◆ **Brief**: Exactly the lines below from the line with "Calorifer electric din" through the line with "Q-Grow Mini Aquarium" must make up the answer, both ends included and pictures left out.

◆ **Provided information**:
Segment Open

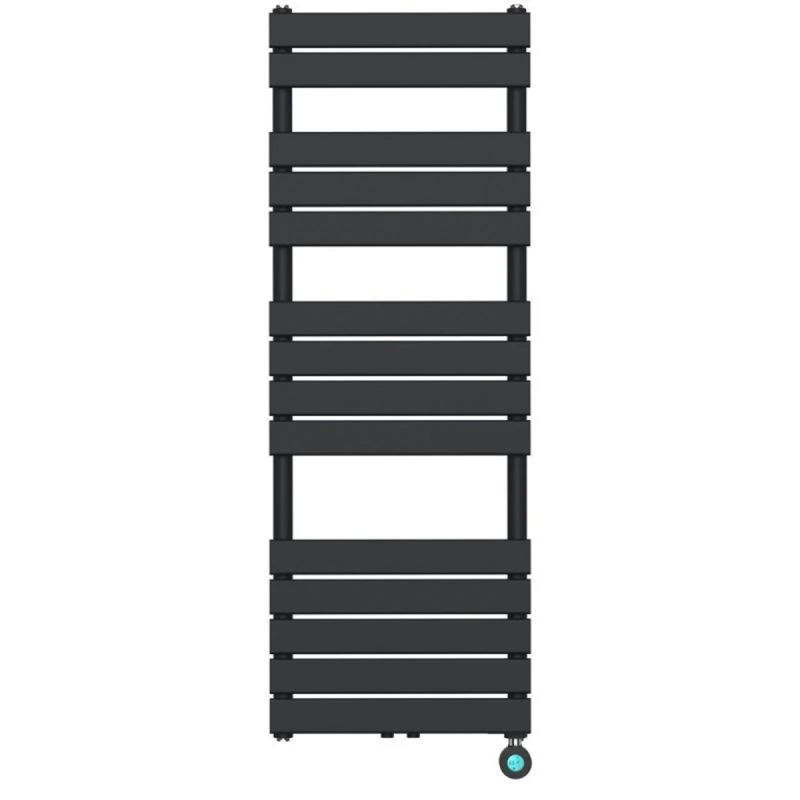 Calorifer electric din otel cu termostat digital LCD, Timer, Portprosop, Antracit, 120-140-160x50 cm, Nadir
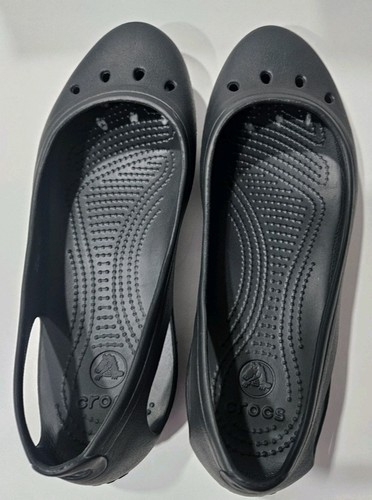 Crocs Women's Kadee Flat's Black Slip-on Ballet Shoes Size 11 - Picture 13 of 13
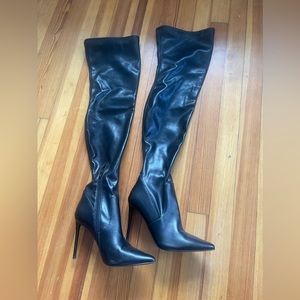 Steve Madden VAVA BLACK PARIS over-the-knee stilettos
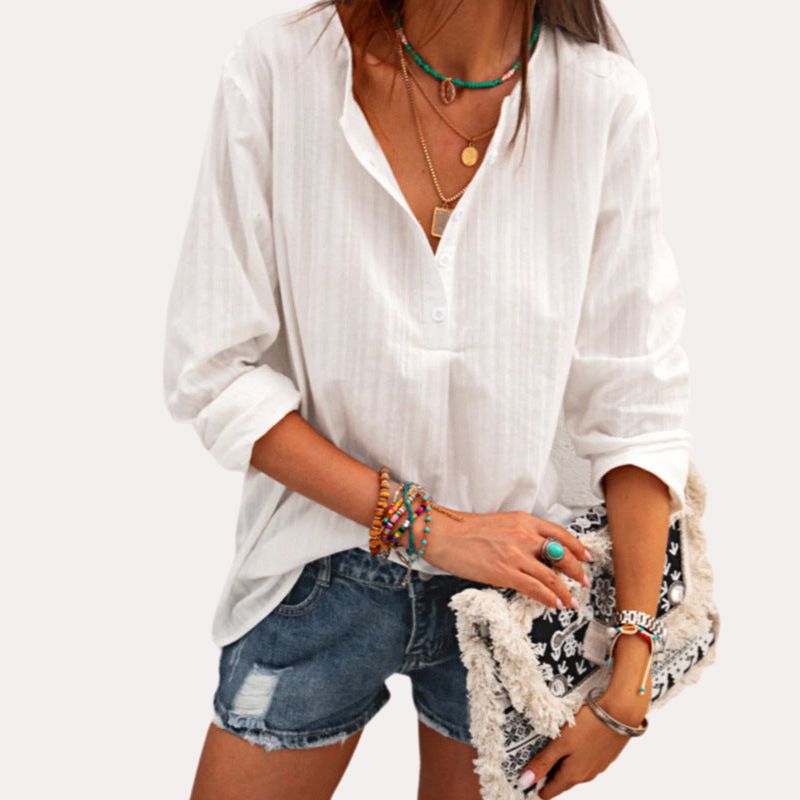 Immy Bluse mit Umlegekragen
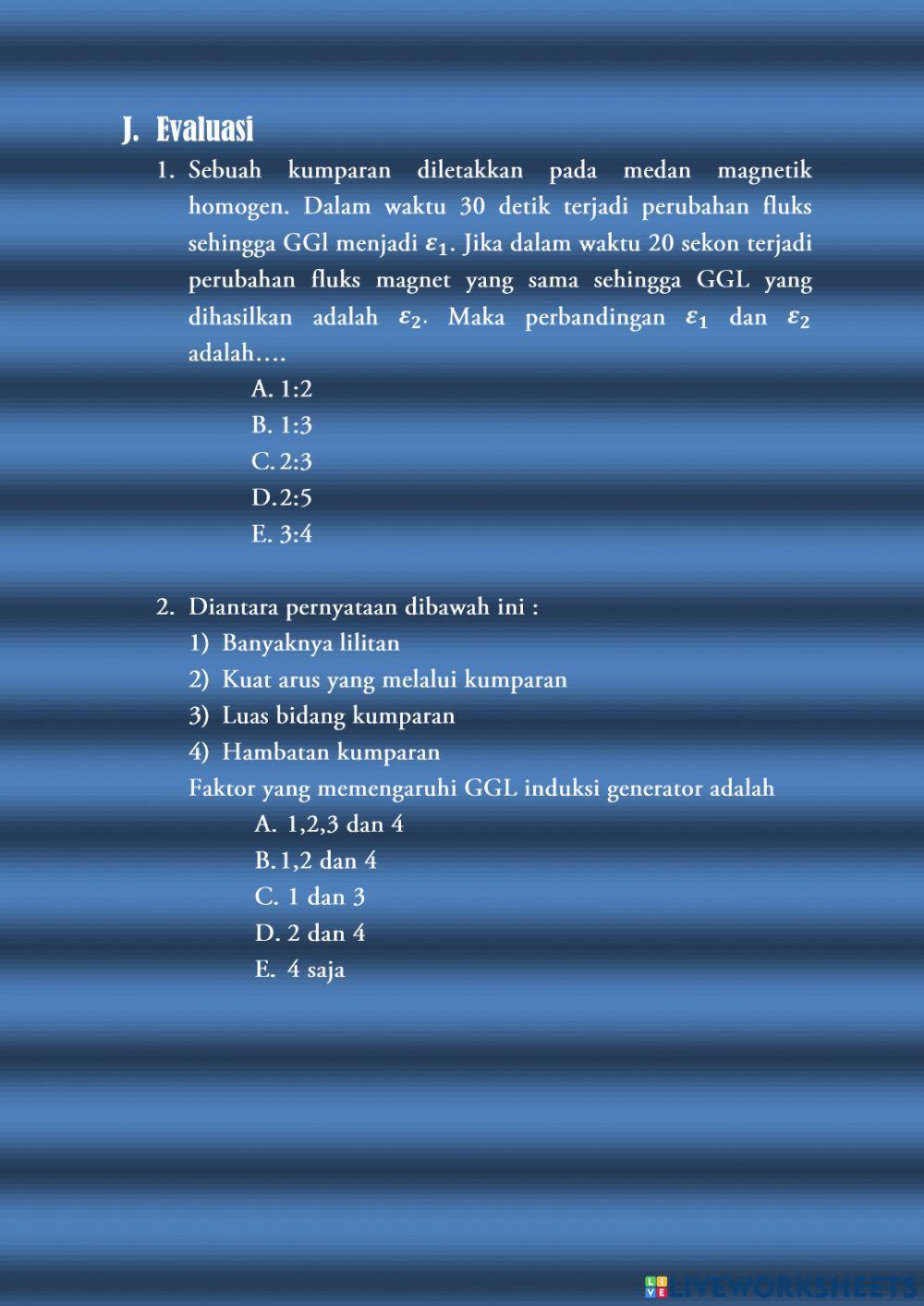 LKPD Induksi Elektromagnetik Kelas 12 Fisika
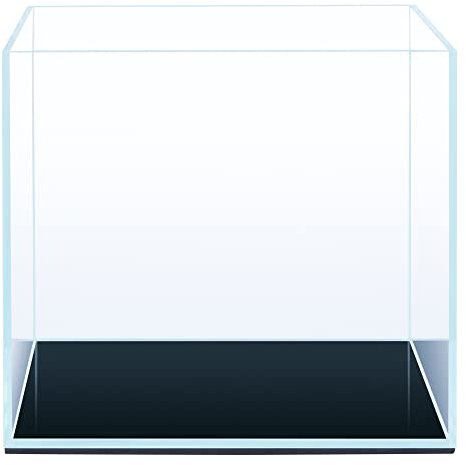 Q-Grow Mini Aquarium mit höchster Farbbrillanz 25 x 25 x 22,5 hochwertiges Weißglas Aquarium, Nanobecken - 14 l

Segment Closed
Segment Open

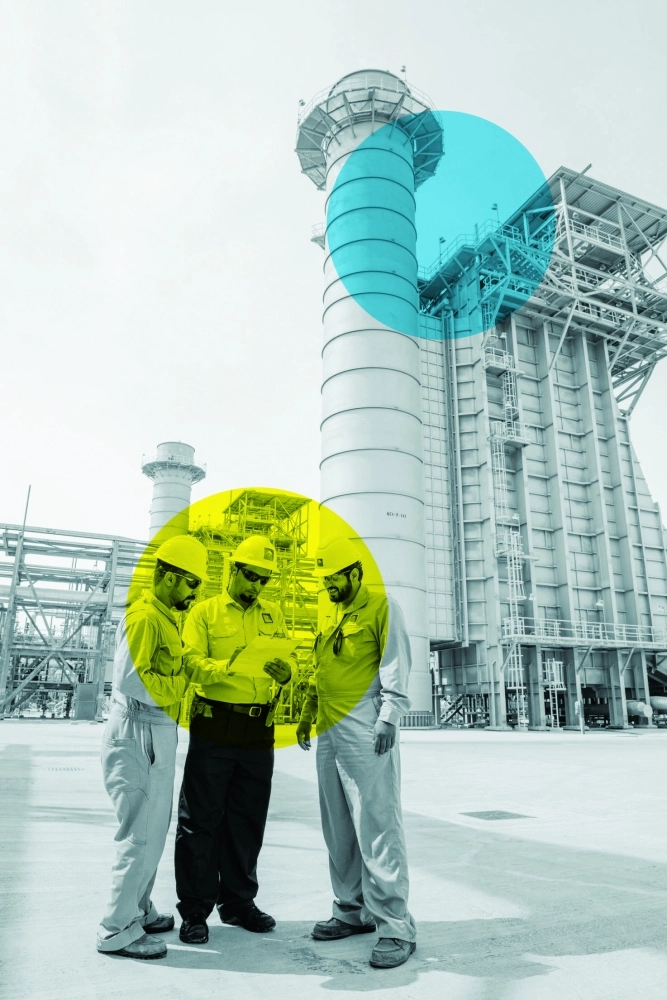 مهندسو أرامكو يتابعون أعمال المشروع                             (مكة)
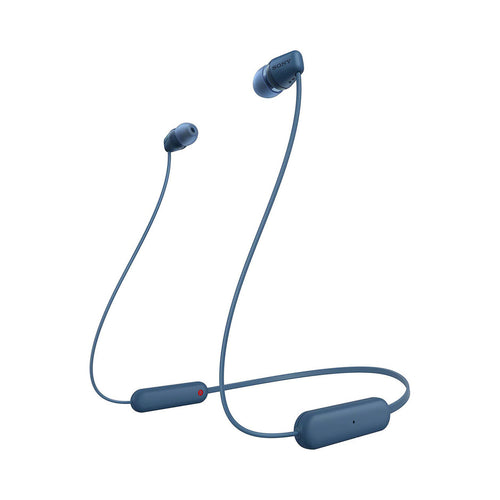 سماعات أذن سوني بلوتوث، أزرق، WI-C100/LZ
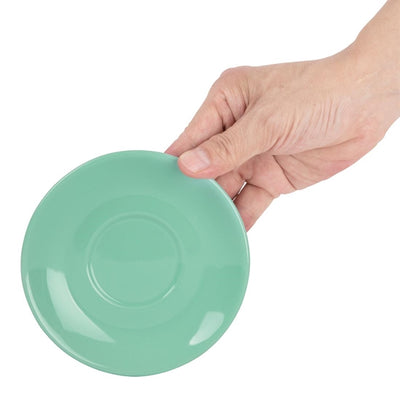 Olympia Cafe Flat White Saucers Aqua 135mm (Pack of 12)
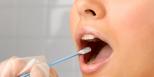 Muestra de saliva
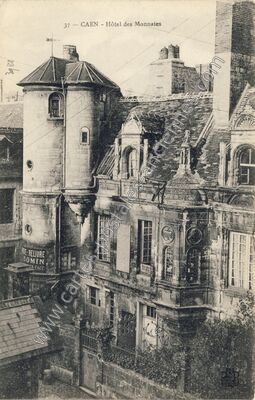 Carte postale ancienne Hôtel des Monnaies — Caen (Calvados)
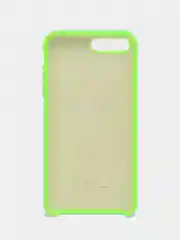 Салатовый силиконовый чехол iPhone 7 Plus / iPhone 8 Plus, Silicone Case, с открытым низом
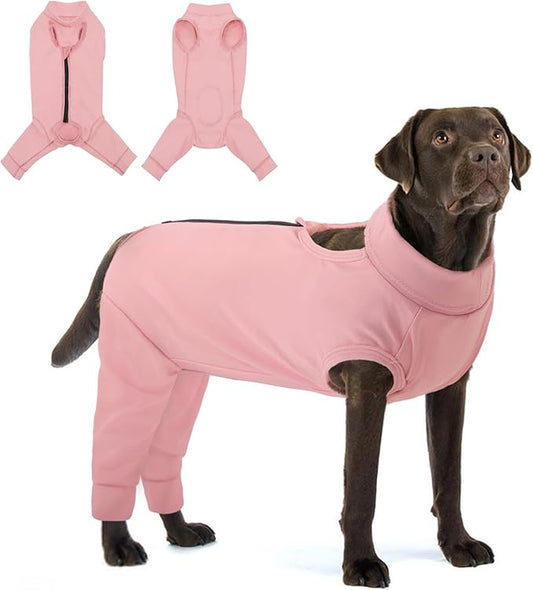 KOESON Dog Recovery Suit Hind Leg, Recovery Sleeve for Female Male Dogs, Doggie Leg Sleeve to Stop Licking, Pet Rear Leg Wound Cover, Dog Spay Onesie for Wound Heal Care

Segment Closed

◆ **Response box**:
 Calorifer electric din otel cu termostat digital LCD, Timer, Portprosop, Antracit, 120-140-160x50 cm, Nadir
 Crocs Women's Kadee Flat's Black Slip-on Ballet Shoes Size 11 - Picture 13 of 13
 Steve Madden VAVA BLACK PARIS over-the-knee stilettos
 Immy Bluse mit Umlegekragen
 LKPD Induksi Elektromagnetik Kelas 12 Fisika
 Q-Grow Mini Aquarium mit höchster Farbbrillanz 25 x 25 x 22,5 hochwertiges Weißglas Aquarium, Nanobecken - 14 l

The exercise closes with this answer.